▶ **WHAT YOU HAVE TO DO**
Pictures don't belong in the copy; print all the records exactly.

Short text fragments from websites:
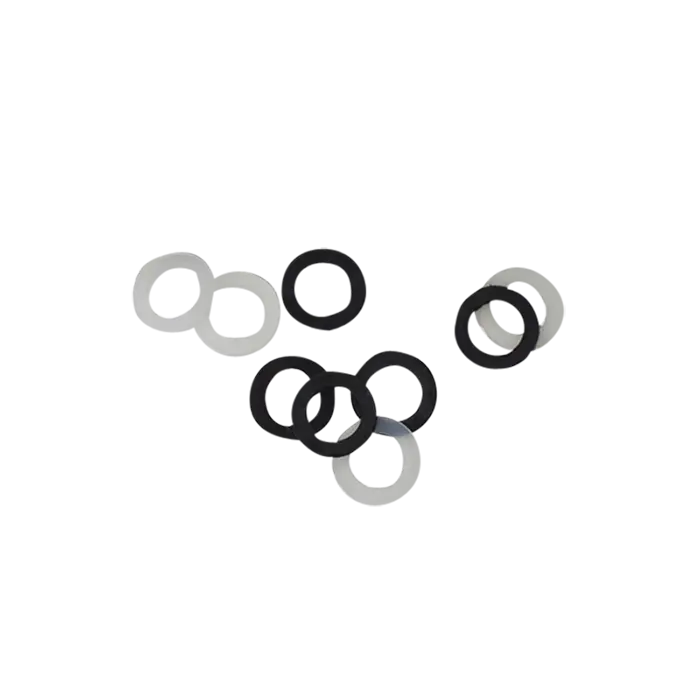 Beretta 40 Spacers B-Fast Set | Beretta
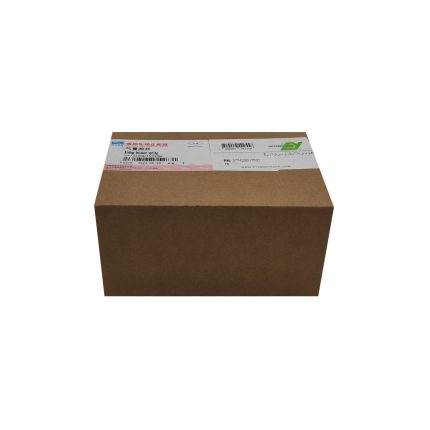 فنر ساعتی کی ام سی K7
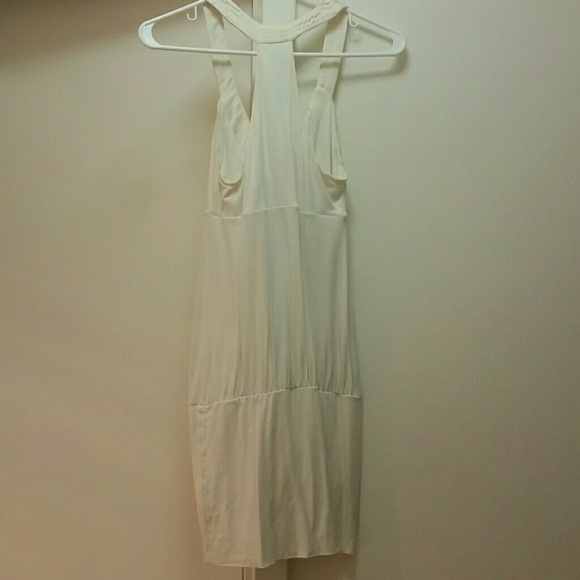 Bebe Dress - Picture 3 of 5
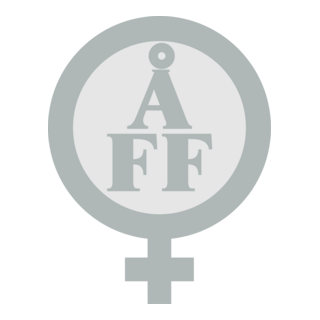 FF Atvidabergs Logo PNG Vector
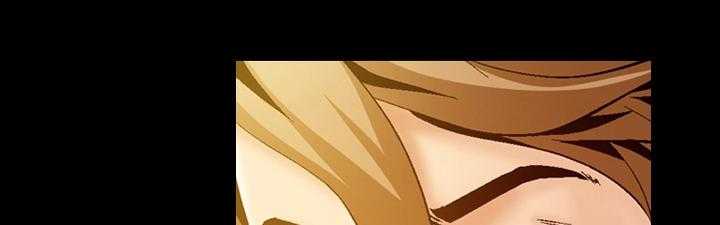 《赏金刺客》第61话 61_愤怒 第21页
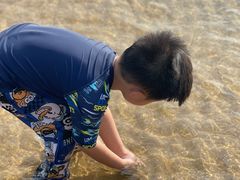 -海驴岛(荣成市)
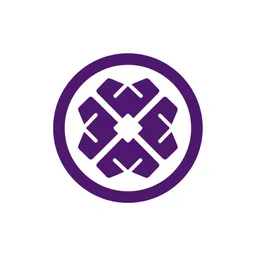 Desktop App Tatcha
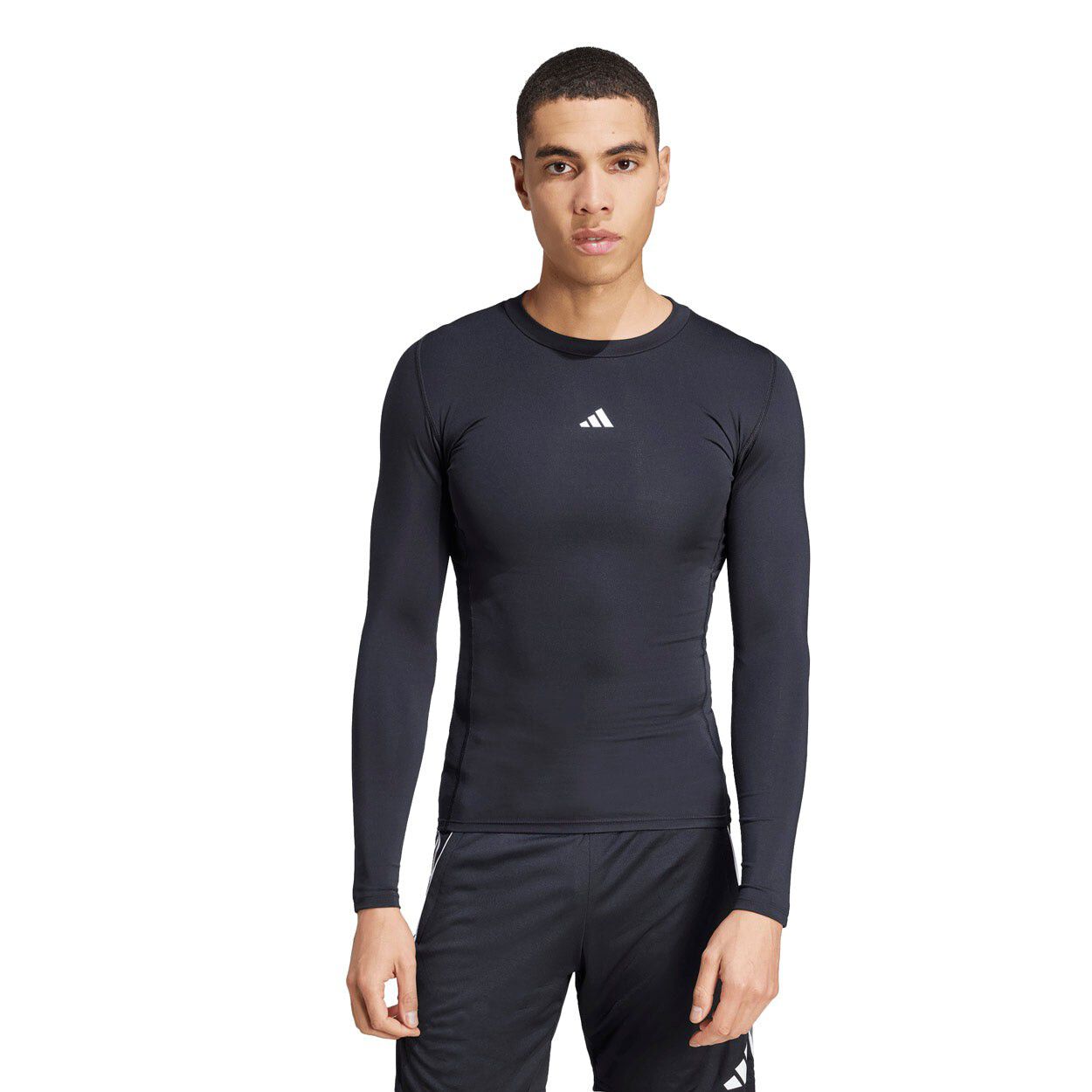 Baselayer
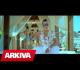 Amarda Arkaxhiu Ft Muharrem Ahmeti dhe Kallashi - 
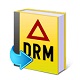 Epubor All DRM Removal解除电子书DRM版权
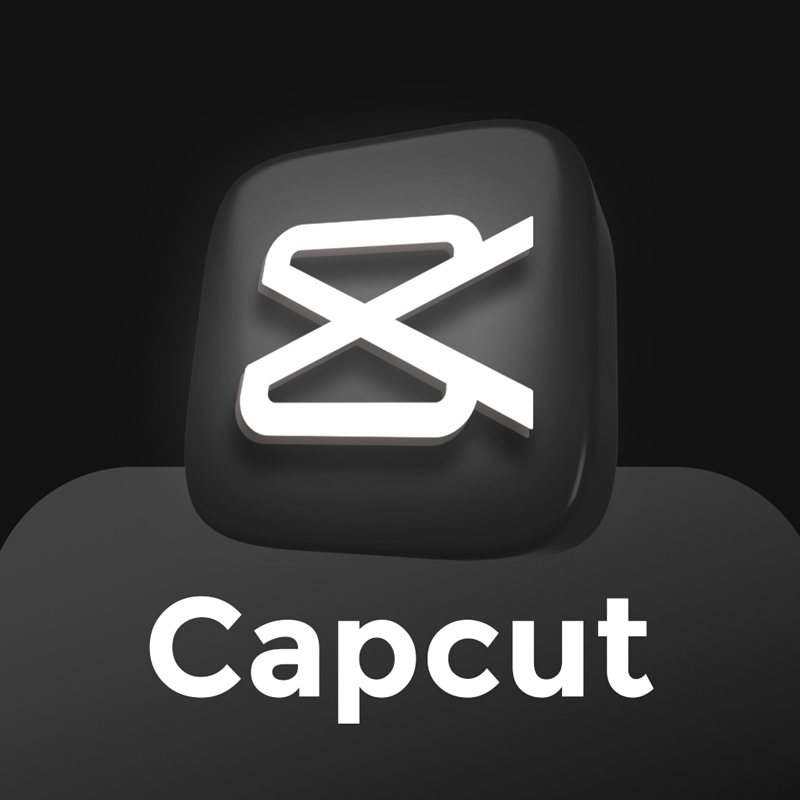 اشتراک کپ کات پرو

▶ **RESULT FOR THIS EXERCISE**
 Beretta 40 Spacers B-Fast Set | Beretta
 فنر ساعتی کی ام سی K7
 Bebe Dress - Picture 3 of 5
 FF Atvidabergs Logo PNG Vector
 《赏金刺客》第61话 61_愤怒 第21页
 -海驴岛(荣成市)
 Desktop App Tatcha
 Baselayer
 Amarda Arkaxhiu Ft Muharrem Ahmeti dhe Kallashi - 
 Epubor All DRM Removal解除电子书DRM版权
 اشتراک کپ کات پرو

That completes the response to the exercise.